Josh, Josh, Josh … the name echoed through her mind. Then she stopped herself from thinking any further, she didn’t want to remember what had happened.

Her eyelids felt so heavy, as though they had already been weighted with pennies—the way they did when people died. Maybe she was dead and she would never open them again … but then she would never see Josh.

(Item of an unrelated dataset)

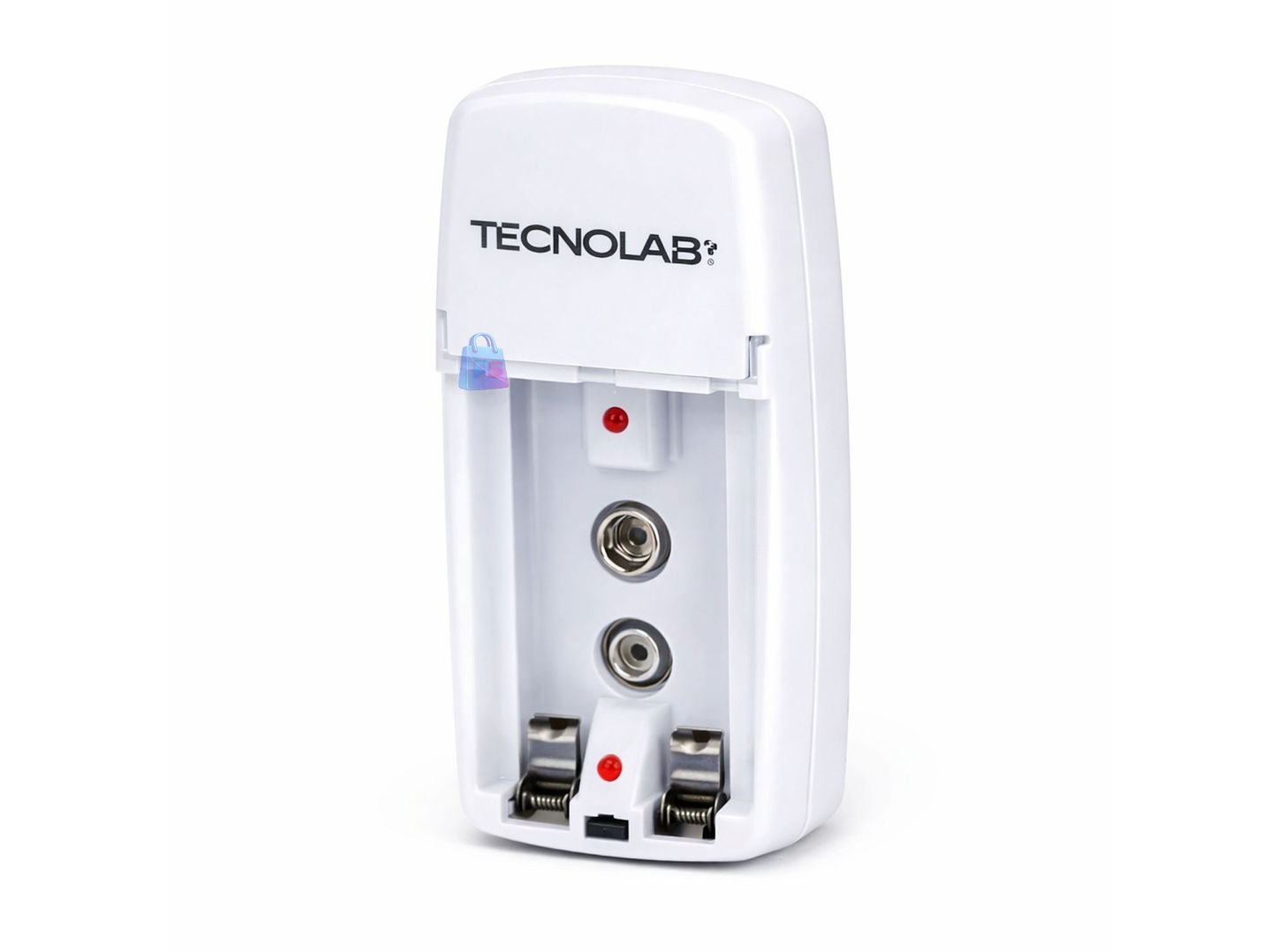 Cargador Pilas AA - AAA - 9V LED Multifuncional - PS 1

The weight suddenly removed itself from her eyelids and she lifted them slowly. It was like raising the curtain in a theater. Daylight struck her like a blow; there were only vague shapes, unconnected voices. Then gradually her vision cleared and a face swam into view. The beautiful face of the good angel. “Josh?” she whispered.

“There you are, lass,” he said, smiling at her, relieved. “I thought I’d lost you.” And he took her hand in his and kissed it.

CHAPTER 10

Francie began to get better; the color returned to her cheeks and the flesh to her bones and each day she grew stronger. The nuns smiled when they saw her eager eyes as she waited for the young man and the way she reached out for his hand—the hand that had been her lifeline, bringing her back from the brink when no one else, not even the doctors, could. “The young man was right,” they whispered. “It was the love the Lord gave us that worked the miracle.”

Josh came every day. When he had been paid he would bring her a present, a bunch of violets, a single perfect hothouse peach, fresh-made chocolates. “You must not spend your money on me,” she reproved him, “you need it for yourself.” But he just smiled that sweet smile of his and took her hand and kissed it gently.

The innocent kiss sent tremors through Francie’s body; in all the years since her mother died no one had ever kissed her and she had forgotten the warm feelings of loving and being loved. She wanted to throw her arms around Josh and hug him like she used to hug Princess, to stroke his face the way she stroked her chestnut mare, Blaize, because they were the only experiences of affection in her love-starved life and she knew no others.

But when he had gone a worried frown appeared between her brows; the nuns had said that in a week’s time she would be well enough to leave. But where would she go? What would she do? She had no home and no money. Her only friend in the whole world was Josh and she knew how hard he was struggling just to make ends meet.

The next day as they walked slowly through the cloisters she said determinedly, “I’ll be leaving here soon. I must get a job.”

He shook his head, “Women like you don’t work, Francie.